Rachel looked at him, tear-stained. He was so different tonight, vulnerable, understanding.

“I think he finds it hard to express himself to you …” she began, trying as usual to build bridges.

“I’m only his son, his flesh and blood. It shouldn’t be so very hard to express himself.”

“He does care for you … I know.”

“And I know how fond of you he is too. I didn’t always want to see it, I can tell you, but …”

He looked so straightforward. Rachel felt fuzzy and a little confused, but she could see that Kerry was being genuine toward her and she wanted to reassure him that he was important to his father.

And now Kerry was admitting that she, Rachel, was a part of Patrick too. She was certainly a little heady.

She placed her hand on Kerry’s knee. He lifted it to admire her rings.

“These are very beautiful,” he said softly. “Did you choose these yourself or were they a gift?”

She saw no guile in the words. It was a question. She held her hand away and admired the topaz and the emerald.
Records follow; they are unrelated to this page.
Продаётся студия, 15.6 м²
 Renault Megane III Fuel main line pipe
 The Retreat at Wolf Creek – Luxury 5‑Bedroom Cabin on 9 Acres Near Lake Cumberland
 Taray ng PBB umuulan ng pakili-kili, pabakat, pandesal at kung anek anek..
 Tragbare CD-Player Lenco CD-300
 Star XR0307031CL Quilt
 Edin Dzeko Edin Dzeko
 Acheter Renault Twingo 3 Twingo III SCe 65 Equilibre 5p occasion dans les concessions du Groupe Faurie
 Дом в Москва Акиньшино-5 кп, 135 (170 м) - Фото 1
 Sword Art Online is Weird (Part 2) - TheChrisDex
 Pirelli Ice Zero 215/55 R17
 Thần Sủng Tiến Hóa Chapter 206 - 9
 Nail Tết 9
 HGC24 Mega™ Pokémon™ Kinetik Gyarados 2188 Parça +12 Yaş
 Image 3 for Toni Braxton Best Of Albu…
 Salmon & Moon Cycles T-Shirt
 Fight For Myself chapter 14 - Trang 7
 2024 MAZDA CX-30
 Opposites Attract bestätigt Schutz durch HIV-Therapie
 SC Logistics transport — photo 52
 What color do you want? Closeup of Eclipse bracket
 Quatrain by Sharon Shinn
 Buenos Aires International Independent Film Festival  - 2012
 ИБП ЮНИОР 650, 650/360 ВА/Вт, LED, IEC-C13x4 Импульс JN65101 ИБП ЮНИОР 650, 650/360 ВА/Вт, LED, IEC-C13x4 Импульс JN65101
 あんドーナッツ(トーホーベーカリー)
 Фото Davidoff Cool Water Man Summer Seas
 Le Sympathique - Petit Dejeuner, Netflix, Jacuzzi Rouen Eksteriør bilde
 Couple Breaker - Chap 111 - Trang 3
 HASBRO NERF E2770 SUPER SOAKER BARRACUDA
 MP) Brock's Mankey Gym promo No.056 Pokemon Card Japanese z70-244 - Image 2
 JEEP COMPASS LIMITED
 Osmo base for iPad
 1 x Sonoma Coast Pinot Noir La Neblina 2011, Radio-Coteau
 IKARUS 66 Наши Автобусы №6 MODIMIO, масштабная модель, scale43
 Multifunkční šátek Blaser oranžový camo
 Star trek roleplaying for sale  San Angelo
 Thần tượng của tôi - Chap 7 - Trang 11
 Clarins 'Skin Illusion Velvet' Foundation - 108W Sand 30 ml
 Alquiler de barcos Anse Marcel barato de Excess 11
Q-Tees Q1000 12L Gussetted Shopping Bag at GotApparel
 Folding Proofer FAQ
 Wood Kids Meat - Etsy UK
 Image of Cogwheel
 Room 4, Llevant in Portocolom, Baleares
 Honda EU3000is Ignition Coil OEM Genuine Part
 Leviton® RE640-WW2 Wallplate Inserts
“Your father bought me the topaz a long long time ago. The emerald I bought myself. I have a little garnet too, but I don’t wear them all at once.”

“No, no.” He was holding her hand and admiring the way the light caught the stones.

“It means fidelity, a topaz,” she said dreamily “I remember that very well.”

“Is it your birthstone?” Kerry asked interestedly.

He was so relaxed and easy to talk to tonight, Rachel wondered why she had ever thought him prickly and difficult.

“No, I’m Gemini—that’s the emerald.” She turned her hand in his to examine the green stone.

“I got the emerald because of that and also because it means ‘success in love.’ I guess I wasn’t so lucky there”

Kerry said nothing, he fingered the tie tack he always wore these days. Even when he wasn’t wearing a formal shirt and tie he seemed to have this pin on his lapel somehow.

“My, that’s a topaz also,” Rachel realized for the first time.

“Yes. Topaz, that’s right.” His voice seemed strained.

“And was
that
a gift or did you buy it, like I bought my emerald?” She was being giggly now.

“It was both, in a way. I paid for it to be made into a tie tack, but it was a gift, from my mother. Father gave her a topaz for fidelity also, you see. He never asked where it was when she died, I don’t know if he realizes this is where it ended up.”

Rachel felt a sudden lurch in her stomach. “I think I’m going to be sick,” she said, staggering to her feet.

   Loretto Quinn was serving Jack Coyne next morning when Kerry appeared in the shop. He was in his stocking feet, walking lightly, and his clothes were crushed and rumpled.

“Hi Loretto. Well hi Jack, how are things?”

“Things are reasonable.” Jack wasn’t able to reply as quickly as usual, he was so startled to see O’Neill’s son come in casually through the back of the shop, meaning that he must have been upstairs.

Upstairs with O’Neill’s woman.

“So they are with me, pretty reasonable. Loretto, can I have some oranges please, perhaps half a dozen … Sorry Jack, am I cutting in ahead of you?”

“No, please.” Jack could hardly wait to see what else the young Kerry O’Neill was ordering.

Kerry said he’d take eggs, bread, four slices of that really great bacon—how could anyone in America
think
they had tasted bacon until they came to Ireland? And he’d better take a packet of those aspirin tablets too.

He smiled at them both, punched Jack playfully, and said that the little red sports car was a dream on wheels and he thought he’d either have to buy it so that it would be his own or possibly play Jack a game of poker for it.